L’oncle Wilbrod, Petits extraits de mon autofiction, par Denis Ramsay…

Par Chatquilouche @chatquilouche

 Octobre 1968.  J’ai huit ans et je suis en troisième année.  J’aimais l’école et mon frère Alain la détestait.  J’étais un premier de classe alors que mon frère se complaisait en fond de grille.  Nos parents nous avaient littéralement abandonnés et, parmi les choses que deux petits gars ne considèrent pas comme prioritaires, le lavage des vêtements ressort au premier rang, d’autant plus qu’une boîte de savon valait bien un pain et une pinte de lait, soit notre nourriture pour une semaine…  Ce matin-là, je n’avais plus de linge propre à me mettre.  Comme mon frère ne comprenait pas mon désir de suivre des cours plutôt que d’intimider les voisins, il me trouva un vêtement un peu moins sale que le reste de la brassée : un haut de pyjama dont l’odeur n’était, selon son nez, pas aussi rebutante que le chandail que j’aimais.

— J’ne suis pas pour aller à l’école avec ça ; c’est un haut de pyjama.

— Personne ne va s’en apercevoir avec des pantalons ordinaires.

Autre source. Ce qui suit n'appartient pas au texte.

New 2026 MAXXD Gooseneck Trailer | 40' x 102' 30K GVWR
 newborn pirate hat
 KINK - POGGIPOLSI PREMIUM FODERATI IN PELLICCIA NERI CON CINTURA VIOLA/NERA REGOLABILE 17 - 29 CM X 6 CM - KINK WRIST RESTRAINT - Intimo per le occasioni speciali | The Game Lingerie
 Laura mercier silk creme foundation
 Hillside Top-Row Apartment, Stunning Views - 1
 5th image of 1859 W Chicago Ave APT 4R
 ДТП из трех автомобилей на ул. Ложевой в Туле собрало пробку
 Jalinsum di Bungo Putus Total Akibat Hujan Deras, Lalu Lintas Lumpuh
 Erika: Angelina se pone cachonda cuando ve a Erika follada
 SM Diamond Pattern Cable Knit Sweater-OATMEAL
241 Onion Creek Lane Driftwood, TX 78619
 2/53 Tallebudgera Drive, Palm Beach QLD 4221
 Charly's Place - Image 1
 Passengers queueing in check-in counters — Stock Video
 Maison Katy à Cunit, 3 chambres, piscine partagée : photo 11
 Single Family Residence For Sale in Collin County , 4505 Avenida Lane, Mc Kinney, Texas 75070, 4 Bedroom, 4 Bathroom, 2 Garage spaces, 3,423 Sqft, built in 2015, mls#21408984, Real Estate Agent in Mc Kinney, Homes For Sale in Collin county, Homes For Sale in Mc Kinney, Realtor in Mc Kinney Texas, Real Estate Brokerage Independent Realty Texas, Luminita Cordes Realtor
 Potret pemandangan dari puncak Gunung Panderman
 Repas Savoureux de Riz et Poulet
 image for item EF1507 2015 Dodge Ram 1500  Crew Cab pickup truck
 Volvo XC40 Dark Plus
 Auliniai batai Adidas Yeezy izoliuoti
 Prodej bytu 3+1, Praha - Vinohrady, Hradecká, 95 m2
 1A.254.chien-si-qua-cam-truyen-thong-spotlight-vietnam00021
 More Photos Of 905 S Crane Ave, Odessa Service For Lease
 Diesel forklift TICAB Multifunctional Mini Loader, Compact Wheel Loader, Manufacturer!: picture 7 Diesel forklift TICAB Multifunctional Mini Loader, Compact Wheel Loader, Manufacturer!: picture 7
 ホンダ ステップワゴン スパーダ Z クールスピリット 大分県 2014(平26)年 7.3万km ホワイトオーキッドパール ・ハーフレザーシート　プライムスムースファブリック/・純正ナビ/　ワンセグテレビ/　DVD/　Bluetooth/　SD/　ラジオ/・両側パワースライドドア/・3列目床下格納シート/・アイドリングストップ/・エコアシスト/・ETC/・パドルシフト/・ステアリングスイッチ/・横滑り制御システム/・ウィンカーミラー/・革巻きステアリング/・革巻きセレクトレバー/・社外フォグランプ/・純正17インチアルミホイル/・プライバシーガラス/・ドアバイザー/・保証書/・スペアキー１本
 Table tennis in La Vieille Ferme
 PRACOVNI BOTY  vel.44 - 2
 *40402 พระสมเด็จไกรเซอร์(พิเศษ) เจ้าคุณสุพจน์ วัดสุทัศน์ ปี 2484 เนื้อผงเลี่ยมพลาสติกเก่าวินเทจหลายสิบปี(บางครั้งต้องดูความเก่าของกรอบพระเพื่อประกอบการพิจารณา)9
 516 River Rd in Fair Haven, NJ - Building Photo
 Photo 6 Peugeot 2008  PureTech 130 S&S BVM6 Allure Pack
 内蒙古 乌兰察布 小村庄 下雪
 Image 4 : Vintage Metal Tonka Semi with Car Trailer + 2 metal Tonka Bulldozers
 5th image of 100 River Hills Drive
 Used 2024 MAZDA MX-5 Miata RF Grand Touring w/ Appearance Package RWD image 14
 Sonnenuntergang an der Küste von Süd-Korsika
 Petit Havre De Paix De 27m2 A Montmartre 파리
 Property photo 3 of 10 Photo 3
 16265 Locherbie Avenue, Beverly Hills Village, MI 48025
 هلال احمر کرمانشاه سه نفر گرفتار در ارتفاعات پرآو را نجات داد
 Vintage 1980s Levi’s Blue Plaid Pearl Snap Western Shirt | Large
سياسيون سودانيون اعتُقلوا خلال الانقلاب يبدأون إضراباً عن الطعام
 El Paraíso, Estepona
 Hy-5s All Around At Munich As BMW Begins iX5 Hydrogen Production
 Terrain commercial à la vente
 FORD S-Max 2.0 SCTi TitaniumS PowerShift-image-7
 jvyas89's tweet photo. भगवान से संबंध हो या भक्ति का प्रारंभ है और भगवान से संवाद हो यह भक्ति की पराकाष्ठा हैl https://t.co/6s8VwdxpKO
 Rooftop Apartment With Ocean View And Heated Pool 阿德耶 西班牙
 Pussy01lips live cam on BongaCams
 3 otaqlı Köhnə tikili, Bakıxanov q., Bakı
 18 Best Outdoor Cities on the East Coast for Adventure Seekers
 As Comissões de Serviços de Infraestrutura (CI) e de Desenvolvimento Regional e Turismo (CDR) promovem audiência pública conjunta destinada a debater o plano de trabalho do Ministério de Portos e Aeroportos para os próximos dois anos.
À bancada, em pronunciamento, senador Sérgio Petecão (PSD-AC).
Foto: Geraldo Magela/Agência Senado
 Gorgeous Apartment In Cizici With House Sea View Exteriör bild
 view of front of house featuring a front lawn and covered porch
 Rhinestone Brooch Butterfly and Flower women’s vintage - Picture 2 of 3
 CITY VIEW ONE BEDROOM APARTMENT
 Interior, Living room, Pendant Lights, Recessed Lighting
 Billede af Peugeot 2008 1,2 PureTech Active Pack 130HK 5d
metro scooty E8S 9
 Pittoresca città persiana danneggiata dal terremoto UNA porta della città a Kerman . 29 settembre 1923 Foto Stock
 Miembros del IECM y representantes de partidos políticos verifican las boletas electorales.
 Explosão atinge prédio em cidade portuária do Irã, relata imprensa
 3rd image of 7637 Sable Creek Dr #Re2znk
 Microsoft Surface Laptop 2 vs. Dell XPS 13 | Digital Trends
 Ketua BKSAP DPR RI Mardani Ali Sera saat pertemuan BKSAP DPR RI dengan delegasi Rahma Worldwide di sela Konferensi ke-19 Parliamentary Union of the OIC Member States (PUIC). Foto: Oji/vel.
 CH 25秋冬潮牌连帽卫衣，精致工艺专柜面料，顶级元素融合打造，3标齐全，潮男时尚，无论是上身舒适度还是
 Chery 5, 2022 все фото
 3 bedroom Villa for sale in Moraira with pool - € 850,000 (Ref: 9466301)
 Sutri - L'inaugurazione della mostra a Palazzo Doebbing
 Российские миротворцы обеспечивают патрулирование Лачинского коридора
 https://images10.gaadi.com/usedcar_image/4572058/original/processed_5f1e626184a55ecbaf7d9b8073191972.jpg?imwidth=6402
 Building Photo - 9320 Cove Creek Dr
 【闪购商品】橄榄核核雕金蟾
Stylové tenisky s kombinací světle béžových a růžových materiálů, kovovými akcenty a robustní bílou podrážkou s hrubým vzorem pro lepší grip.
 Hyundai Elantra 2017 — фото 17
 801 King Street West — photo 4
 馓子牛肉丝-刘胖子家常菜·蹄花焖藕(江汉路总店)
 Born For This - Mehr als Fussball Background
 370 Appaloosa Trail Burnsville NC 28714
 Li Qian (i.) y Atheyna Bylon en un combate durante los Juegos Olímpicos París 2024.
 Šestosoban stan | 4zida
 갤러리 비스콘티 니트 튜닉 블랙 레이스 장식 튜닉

Je n’étais pas convaincu, mais j’étais prêt à faire l’essai puisque ce matin, on avait le cours de math, et les maths, c’est tellement rassurant.  On peut compter sur les mathématiques pour fournir une réponse claire à la même question, une stabilité dans ma vie.  Je mis donc mon pantalon pas très propre et le fameux haut de pyjama et me dirigeai vers l’école Ste-Famille.  Je marchais en me traînant les pieds et en regardant par terre, espérant devenir invisible, ayant trop honte pour exister vraiment.

 J’étais le fantôme de ma propre enfance, un garçon de huit ans qui déambulait sans autre but qu’un prochain repas et une bonne note à l’examen.  Mon frère m’avait bien certifié que personne ne s’apercevrait de mon étrange accoutrement.  Pourtant, juste au coin de la rue, le premier ami que je rencontrai m’interpella gentiment.

— Heille !  T’es pas réveillé toé à matin !  Tu portes encore ton pyjama !

Je me regardai comme si je voyais pour la première fois ce vêtement de nuit et, sans le moindre commentaire, je retournai chez moi pour ne plus revenir avant le mois de mai, pétri de honte et d’amertume.

Ma tristesse infinie plombait mes pas et me brisa le cœur.  Aucune réaction de la part de l’école ; personne n’est venu frapper à ma porte.  Jusqu’à ce jour précis, mes notes excellentes m’immunisaient contre toute intervention des services sociaux.  J’avais de bonnes notes, donc j’allais bien et surtout, l’école allait bien…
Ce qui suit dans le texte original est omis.